Task statement –
The answer is all of the data repeated exactly, with each picture omitted.

(Caption-style text data)

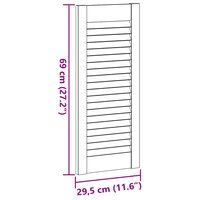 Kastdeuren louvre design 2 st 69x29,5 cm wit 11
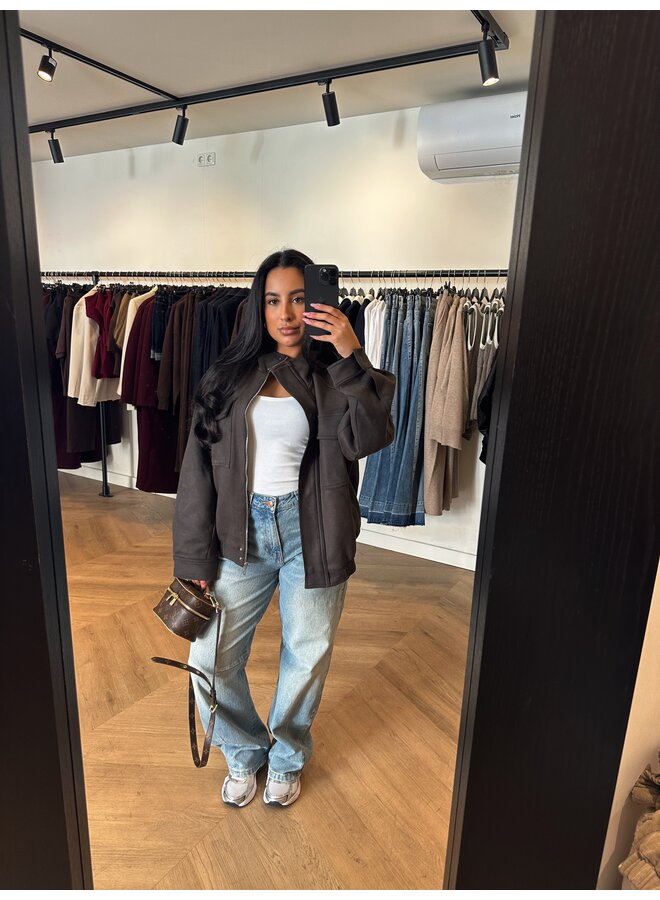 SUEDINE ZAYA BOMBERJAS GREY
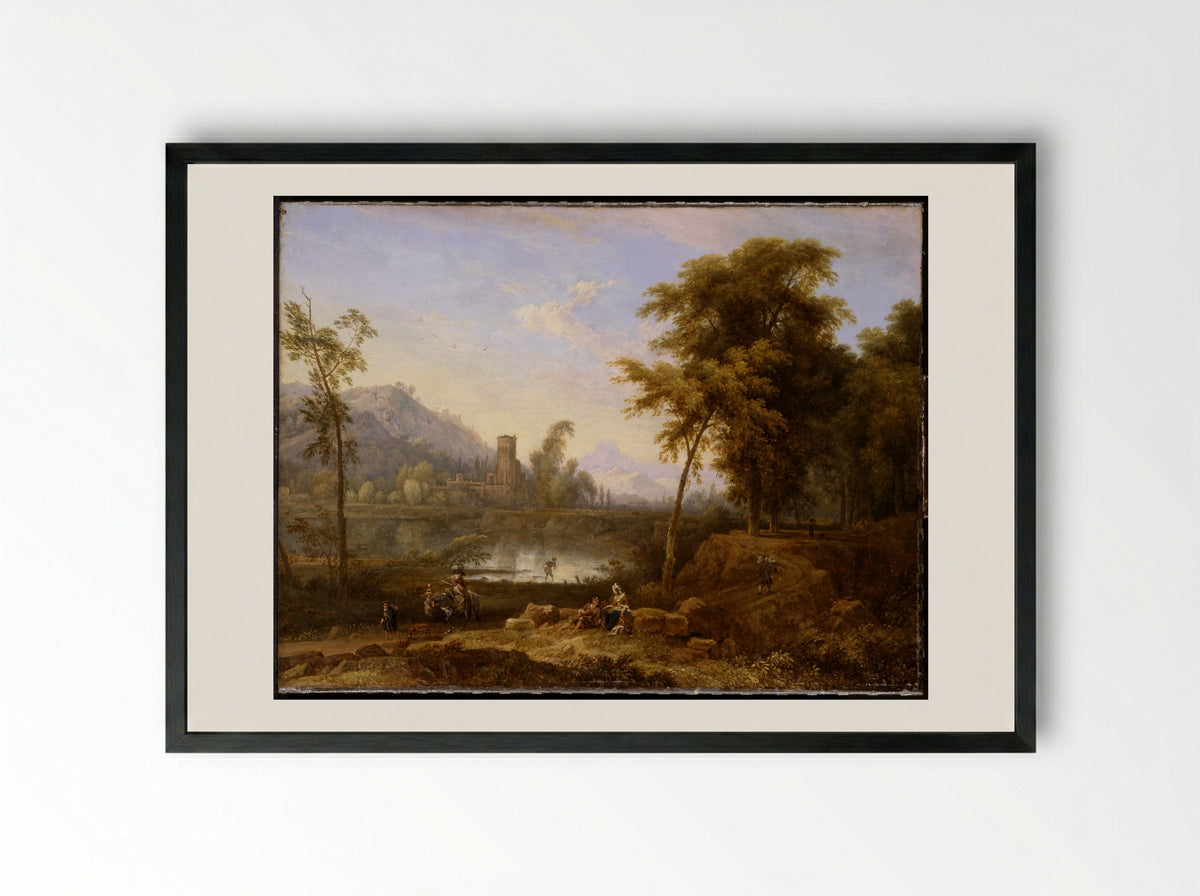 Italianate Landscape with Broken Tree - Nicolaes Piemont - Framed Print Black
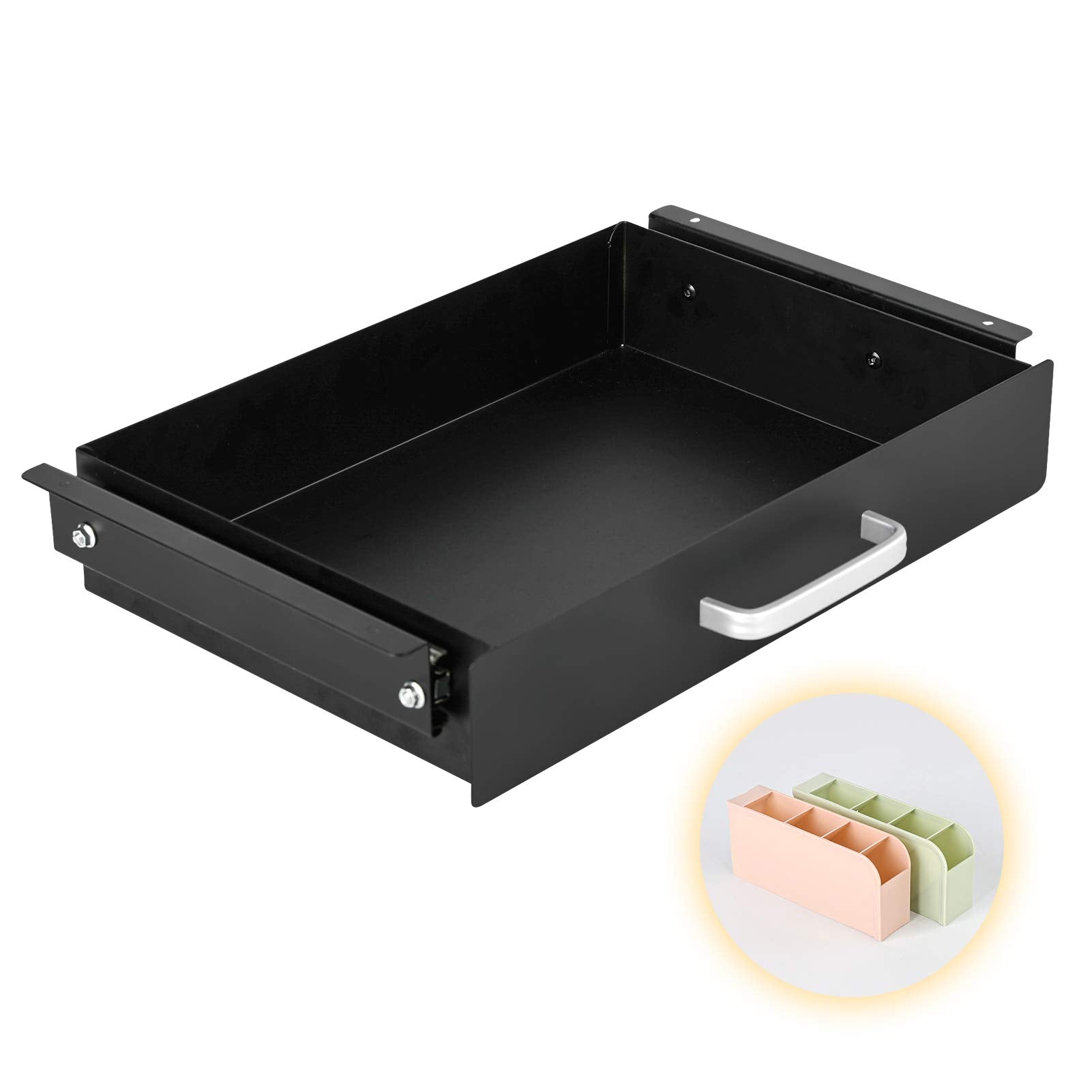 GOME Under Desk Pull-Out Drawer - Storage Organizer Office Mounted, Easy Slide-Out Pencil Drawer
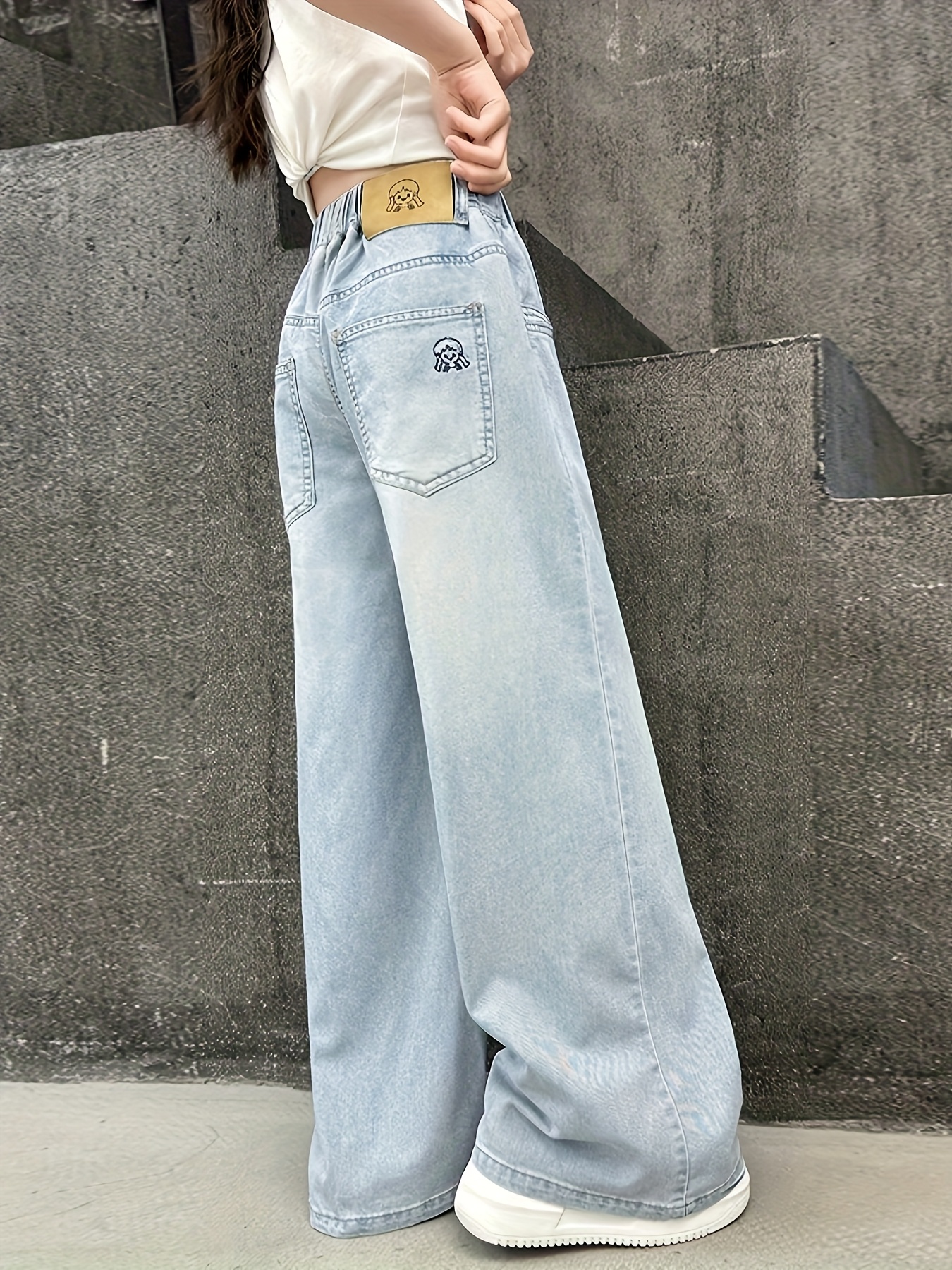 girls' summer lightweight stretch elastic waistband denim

Task response –
 Kastdeuren louvre design 2 st 69x29,5 cm wit 11
 SUEDINE ZAYA BOMBERJAS GREY
 Italianate Landscape with Broken Tree - Nicolaes Piemont - Framed Print Black
 GOME Under Desk Pull-Out Drawer - Storage Organizer Office Mounted, Easy Slide-Out Pencil Drawer
 girls' summer lightweight stretch elastic waistband denim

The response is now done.